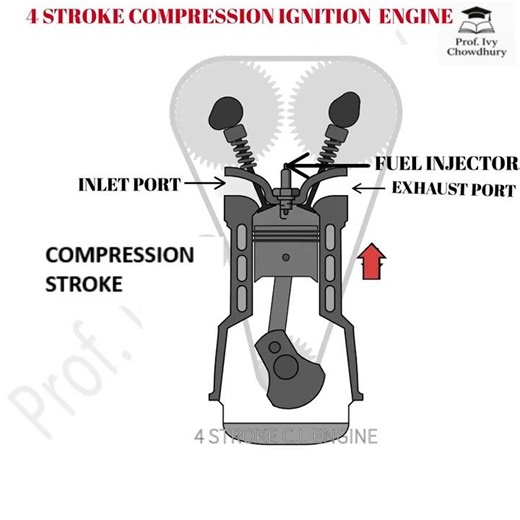 4 STROKE COMPRESSION IGNITION DIESEL ENGINE
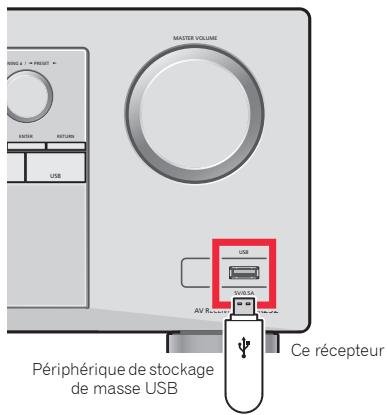 ONKYO TX-RZ710 - TXRZ 710 - TXRZ710 - Raccordement d'un appareil USB - 1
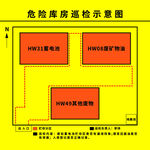 危险库房巡检示意图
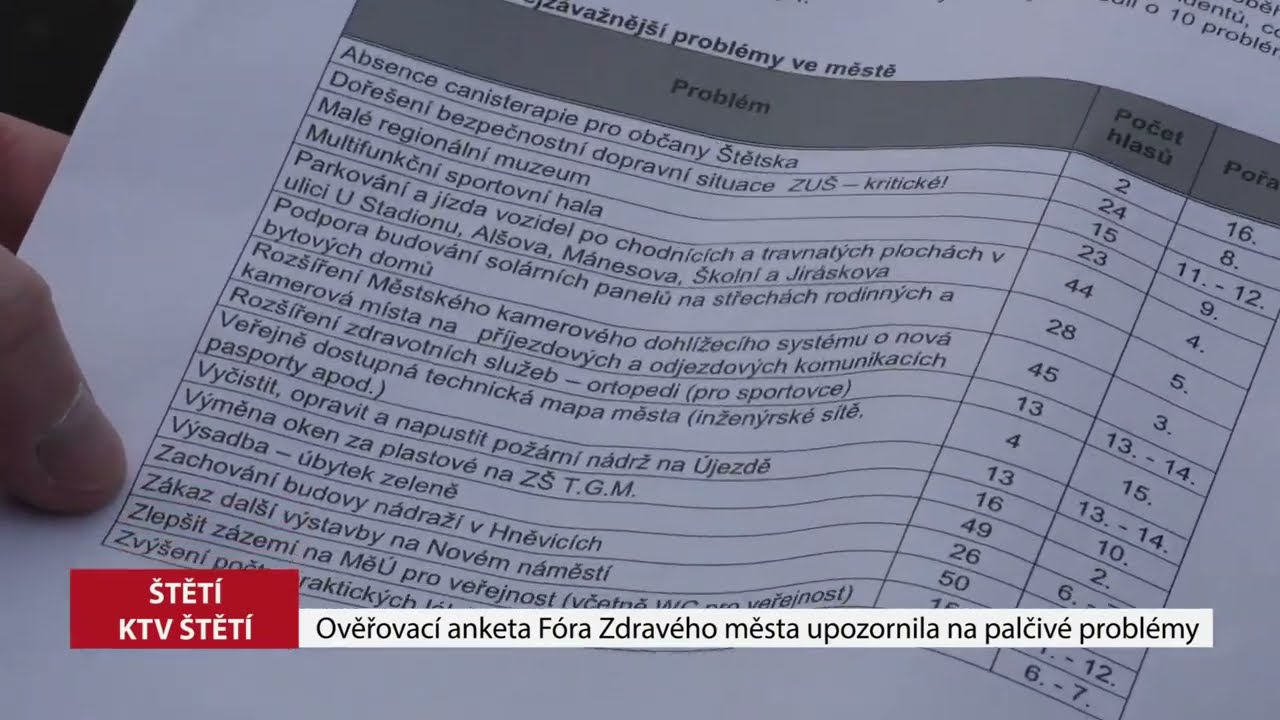 ŠTĚTÍ: Ověřovací anketa Fóra Zdravého města upozornila na palčivé problémy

What to produce: Would you return the material exactly, images excluded?

Output of the task:
 4 STROKE COMPRESSION IGNITION DIESEL ENGINE
 ONKYO TX-RZ710 - TXRZ 710 - TXRZ710 - Raccordement d'un appareil USB - 1
 危险库房巡检示意图
 ŠTĚTÍ: Ověřovací anketa Fóra Zdravého města upozornila na palčivé problémy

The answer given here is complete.